Richard Jackson wrote:
Look up "Therac-25" on Wikipedia. Sometimes assuming everything will work OK is not good enough!
"AECL had never tested the Therac-25 with the combination of software and hardware until it was assembled at the hospital." Murphy must have patted himself on the back and taken the week off after that one.
---- I was involved with a Major System where they were planning to put Major Safety System 1 (we're talking Major Headlines here if it went wrongl) and Major Safety System 2 on a distributed processor network. To save costs Subcontractor A were going to develop and test MSS1 at their site, Subcontractor B were going to develop MSS2 at their site and integration testing would done during acceptance ... I'm still cowering under the table about that one and I'm not a safety engineer.

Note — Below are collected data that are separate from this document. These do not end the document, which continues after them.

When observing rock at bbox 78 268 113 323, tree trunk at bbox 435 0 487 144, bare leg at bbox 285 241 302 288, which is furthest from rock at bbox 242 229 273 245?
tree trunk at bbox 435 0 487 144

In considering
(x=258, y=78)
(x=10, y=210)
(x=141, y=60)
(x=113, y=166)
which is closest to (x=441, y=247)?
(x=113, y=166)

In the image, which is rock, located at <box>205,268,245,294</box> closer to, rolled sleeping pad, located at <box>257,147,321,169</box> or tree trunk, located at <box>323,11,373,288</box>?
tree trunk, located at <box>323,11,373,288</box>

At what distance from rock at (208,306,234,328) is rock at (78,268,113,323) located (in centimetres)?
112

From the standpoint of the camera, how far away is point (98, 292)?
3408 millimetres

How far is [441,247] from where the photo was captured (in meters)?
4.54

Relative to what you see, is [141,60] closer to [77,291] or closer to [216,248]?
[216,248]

""A naive assumption is often made that reusing software or using commercial off-the-shelf software will increase safety because the software will have been exercised extensively." Gotta agree with that one - I often find that software hasn't extensively exercised many of the features that I tend to want to use ... and I often get the blame for using them!
Stuart
StuartBruff wrote:
Do you think you could possibly please endorse me for my Teaching Grandmother To **** Eggs skills?
... One of these days, every word in the English Language is going to be so overloaded with scatological and other meanings that the spell checker will turn entire documents into a string of censored expletives. It never even crossed my mind that Granny would s-u-c-k anything but eggs, and I had to spend a minute or so wondering why the 4 asterisks as I was pretty sure I hadn't typed an "f" by mistake (although with my new laptop's trackpad, I wouldn't entirely dismiss that scenario, as the cursor jumps all over the place when my hands are closer than an inch or so away. Why can't they put trackpads out of the way of the palms?).
Stuart
I think if the last equation in your solve block is replaced by one in which moments are taken about B instead of A you will have your last independent equation. I think it will be: w1*L1^2/2 + w2*L2^2/2 - Ra*L1 - Rc*L2 = 0
This gives a robust solution (though, since I don't know what the physical scenario is actually like, my equation might well be wrong!).
Alan
AlanStevens wrote:
I think if the last equation in your solve block is replaced by one in which moments are taken about B instead of A you will have your last independent equation. I think it will be: w1*L1^2/2 + w2*L2^2/2 - Ra*L1 - Rc*L2 = 0
This gives a robust solution (though, since I don't know what the physical scenario is actually like, my equation might well be wrong!).
Alan
This seems to be the solution. I have just swapped the equations out and the graphs look good and do not change when the guess values change. Superb work.
However, when I solve symbolically I am not getting the same reaction forces as the numerical solution, which doesn't seem correct.